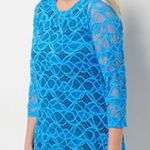 LOGO By Lori Goldstein Lace Sheer 3/4-Sleeve Tunic Top Ibiza Blue Large NWT Photo 0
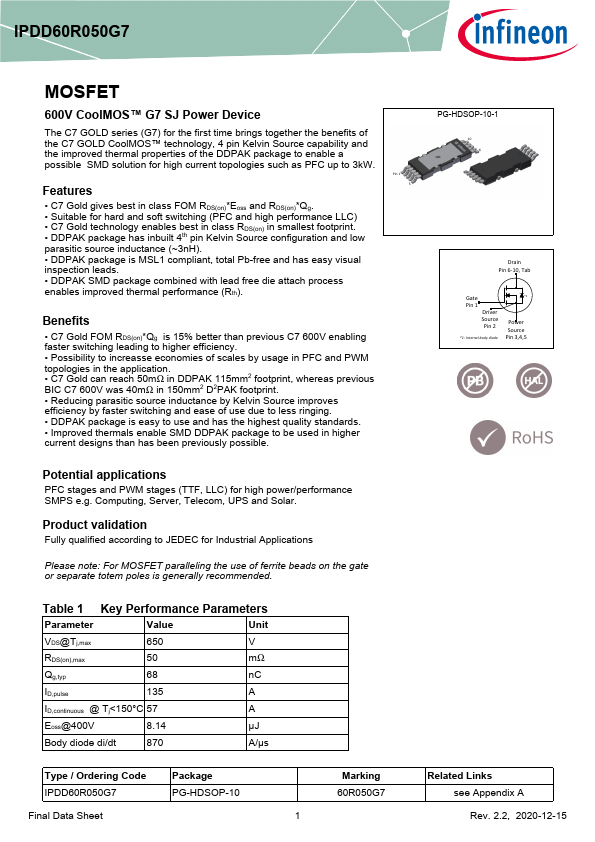 IPDD60R050G7 Datasheet Preview
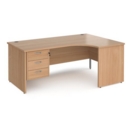Maestro 25 right hand ergonomic desk 1800mm wide with 3 drawer pedestal - beech top with panel end leg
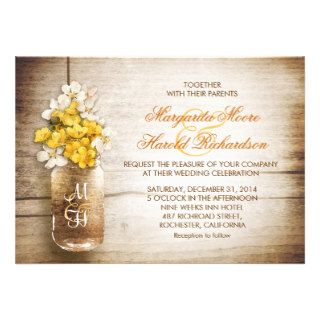 Mason jar & yellow white flowers wedding invites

= = = =

What is required: Reproduce the whole listing exactly, but not the images in it.

Answer for the task:
 LOGO By Lori Goldstein Lace Sheer 3/4-Sleeve Tunic Top Ibiza Blue Large NWT Photo 0
 IPDD60R050G7 Datasheet Preview
Maestro 25 right hand ergonomic desk 1800mm wide with 3 drawer pedestal - beech top with panel end leg
 Mason jar & yellow white flowers wedding invites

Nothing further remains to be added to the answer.